● TRY IT
Give again the lines from the line with "GIF剧情图解3出处,我的桃花运也太好了吧!总是能吃到女同学的豆腐-解解图解" to the last line of the records, exactly and in full. Do not carry over any pictures.

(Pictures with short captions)
--------------------------------------------------

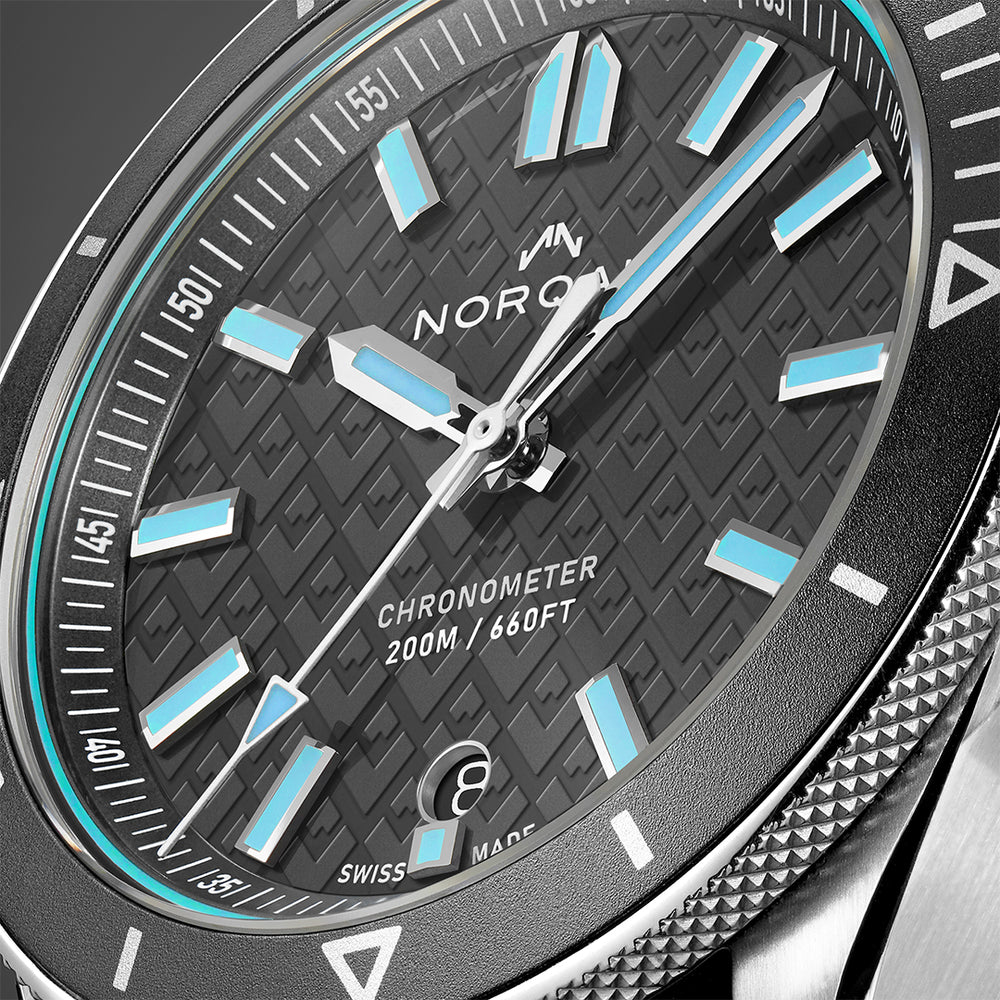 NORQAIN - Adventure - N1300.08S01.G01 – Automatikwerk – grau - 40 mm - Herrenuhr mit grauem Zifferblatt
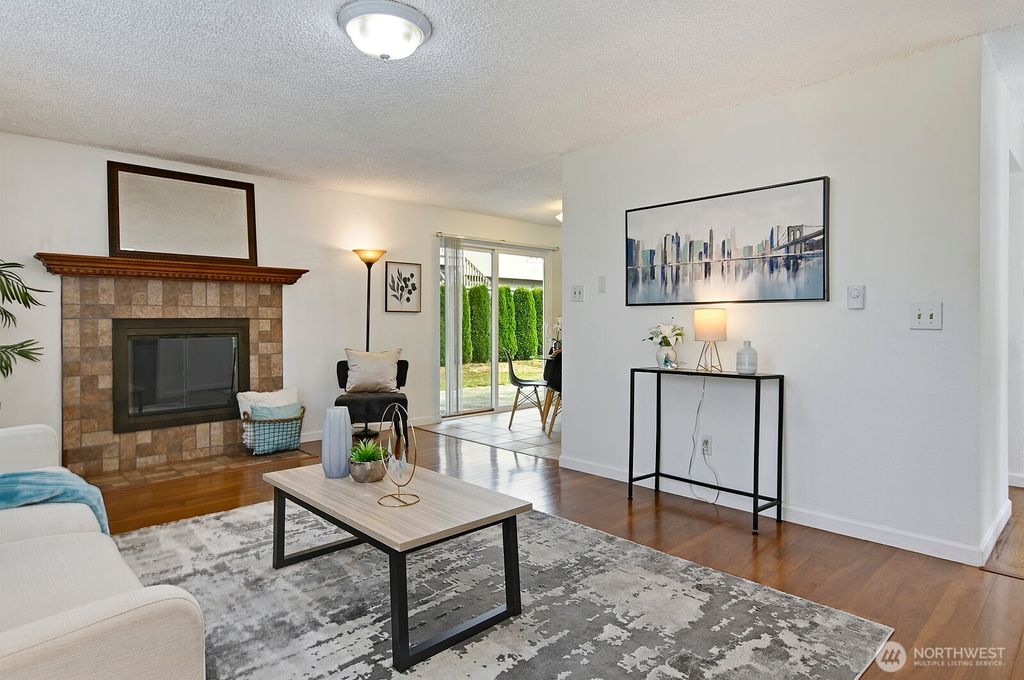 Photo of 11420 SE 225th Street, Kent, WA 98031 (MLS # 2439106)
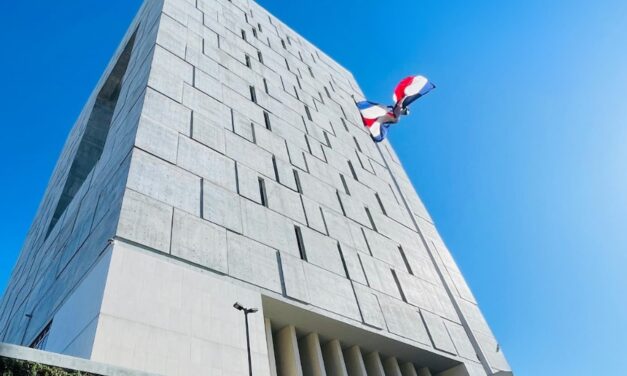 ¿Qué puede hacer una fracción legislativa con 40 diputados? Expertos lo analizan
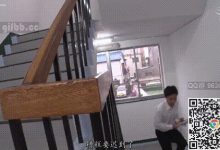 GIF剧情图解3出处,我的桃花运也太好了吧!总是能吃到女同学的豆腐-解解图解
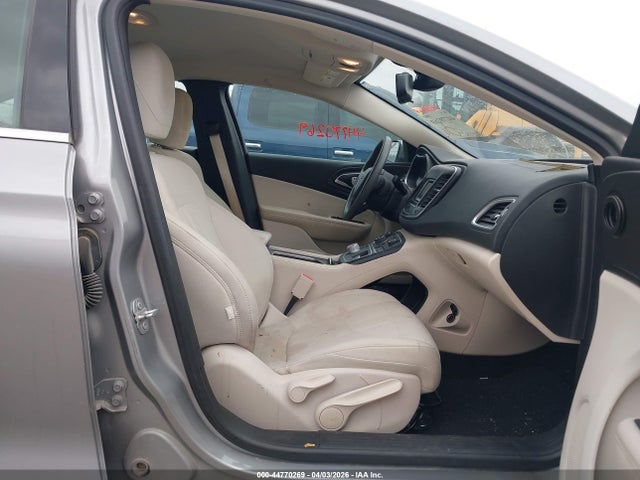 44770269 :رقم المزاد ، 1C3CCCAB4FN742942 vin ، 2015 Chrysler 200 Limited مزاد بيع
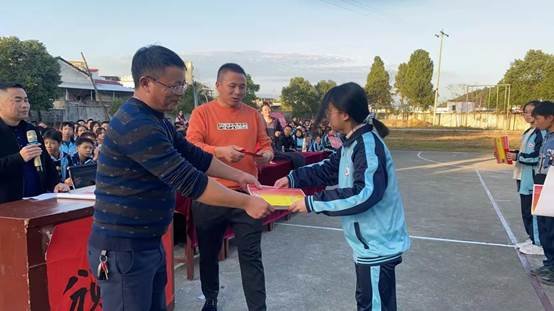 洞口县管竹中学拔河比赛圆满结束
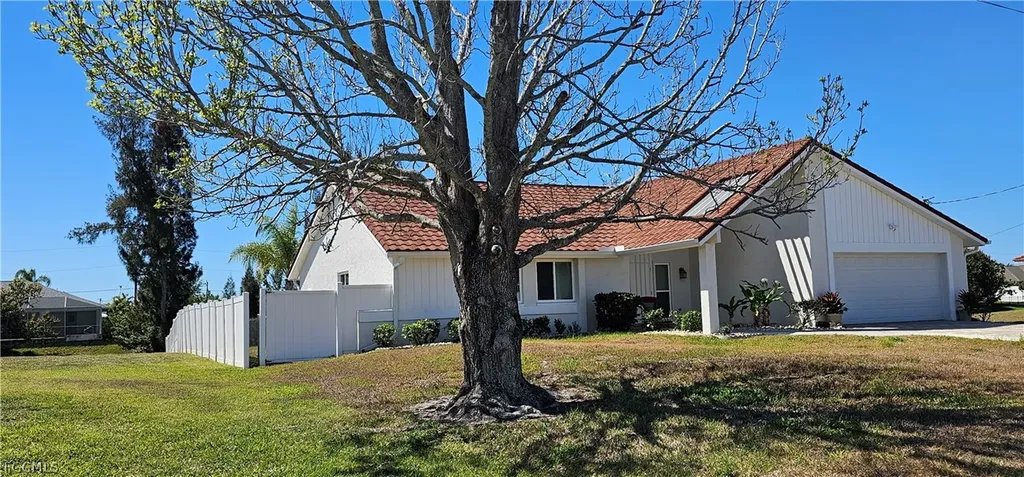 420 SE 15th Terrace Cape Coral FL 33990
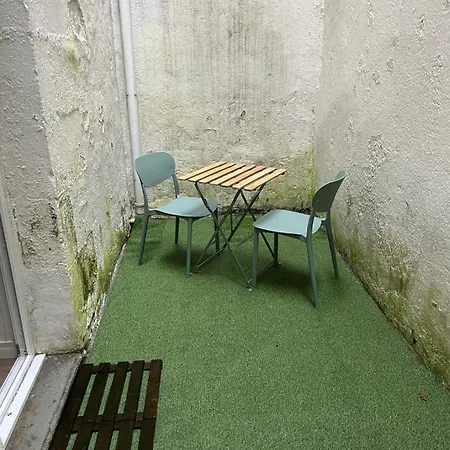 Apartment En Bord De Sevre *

--------------------------------------------------

● SOLUTION
 GIF剧情图解3出处,我的桃花运也太好了吧!总是能吃到女同学的豆腐-解解图解
 44770269 :رقم المزاد ، 1C3CCCAB4FN742942 vin ، 2015 Chrysler 200 Limited مزاد بيع
 洞口县管竹中学拔河比赛圆满结束
 420 SE 15th Terrace Cape Coral FL 33990
 Apartment En Bord De Sevre *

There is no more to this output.